● Task to complete
Out of the records below, copy all lines in which the word "Photo" occurs.
Information shown Start Marker
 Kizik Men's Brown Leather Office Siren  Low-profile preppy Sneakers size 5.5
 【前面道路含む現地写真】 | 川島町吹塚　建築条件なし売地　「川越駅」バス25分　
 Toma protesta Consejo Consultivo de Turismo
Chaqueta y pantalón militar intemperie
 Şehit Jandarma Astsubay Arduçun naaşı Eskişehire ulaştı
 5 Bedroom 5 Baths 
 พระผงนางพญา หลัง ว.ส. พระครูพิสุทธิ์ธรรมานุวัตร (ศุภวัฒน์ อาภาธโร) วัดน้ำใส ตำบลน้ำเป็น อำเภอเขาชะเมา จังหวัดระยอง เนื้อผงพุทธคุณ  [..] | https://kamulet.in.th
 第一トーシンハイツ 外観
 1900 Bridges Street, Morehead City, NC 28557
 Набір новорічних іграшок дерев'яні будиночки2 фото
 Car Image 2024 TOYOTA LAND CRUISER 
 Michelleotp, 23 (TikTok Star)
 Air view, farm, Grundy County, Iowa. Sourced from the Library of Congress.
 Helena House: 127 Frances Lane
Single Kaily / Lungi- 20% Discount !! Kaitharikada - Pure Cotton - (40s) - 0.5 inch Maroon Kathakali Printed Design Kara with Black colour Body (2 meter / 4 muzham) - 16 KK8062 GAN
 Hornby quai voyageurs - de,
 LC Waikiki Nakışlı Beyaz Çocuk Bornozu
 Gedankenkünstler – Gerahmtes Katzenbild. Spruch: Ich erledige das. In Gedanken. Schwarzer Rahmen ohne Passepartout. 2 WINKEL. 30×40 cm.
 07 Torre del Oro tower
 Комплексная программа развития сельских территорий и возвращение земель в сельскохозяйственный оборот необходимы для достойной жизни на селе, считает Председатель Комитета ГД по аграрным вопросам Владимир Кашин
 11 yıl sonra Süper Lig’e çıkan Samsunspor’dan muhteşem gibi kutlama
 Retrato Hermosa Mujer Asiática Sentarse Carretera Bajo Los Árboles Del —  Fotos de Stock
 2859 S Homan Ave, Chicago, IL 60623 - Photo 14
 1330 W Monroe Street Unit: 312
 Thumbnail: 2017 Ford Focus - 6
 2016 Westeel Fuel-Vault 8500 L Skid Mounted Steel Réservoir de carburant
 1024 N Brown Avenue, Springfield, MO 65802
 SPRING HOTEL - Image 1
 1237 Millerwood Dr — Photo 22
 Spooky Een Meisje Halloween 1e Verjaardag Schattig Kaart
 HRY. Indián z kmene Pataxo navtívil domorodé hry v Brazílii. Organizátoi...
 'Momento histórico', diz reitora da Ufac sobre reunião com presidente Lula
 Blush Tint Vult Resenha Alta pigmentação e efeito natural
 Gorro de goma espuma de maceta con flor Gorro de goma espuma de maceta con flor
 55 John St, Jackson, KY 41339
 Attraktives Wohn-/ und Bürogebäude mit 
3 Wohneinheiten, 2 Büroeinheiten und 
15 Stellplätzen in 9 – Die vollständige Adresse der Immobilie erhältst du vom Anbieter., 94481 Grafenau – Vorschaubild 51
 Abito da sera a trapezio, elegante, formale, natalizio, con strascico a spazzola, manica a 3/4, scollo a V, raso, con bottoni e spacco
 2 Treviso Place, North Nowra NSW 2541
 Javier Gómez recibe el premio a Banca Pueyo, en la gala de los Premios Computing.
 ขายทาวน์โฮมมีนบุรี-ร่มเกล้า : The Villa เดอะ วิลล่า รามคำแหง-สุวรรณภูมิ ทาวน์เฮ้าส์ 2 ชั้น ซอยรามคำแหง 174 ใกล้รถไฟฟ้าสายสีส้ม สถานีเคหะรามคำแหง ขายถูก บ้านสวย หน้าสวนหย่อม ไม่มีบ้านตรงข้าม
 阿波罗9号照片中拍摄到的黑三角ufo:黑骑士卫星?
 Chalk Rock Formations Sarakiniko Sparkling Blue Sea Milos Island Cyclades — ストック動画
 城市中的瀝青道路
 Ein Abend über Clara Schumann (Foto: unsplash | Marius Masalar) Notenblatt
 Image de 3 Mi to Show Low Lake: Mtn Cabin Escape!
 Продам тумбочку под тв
Information shown End Marker
● Expected answer
 2859 S Homan Ave, Chicago, IL 60623 - Photo 14
 1237 Millerwood Dr — Photo 22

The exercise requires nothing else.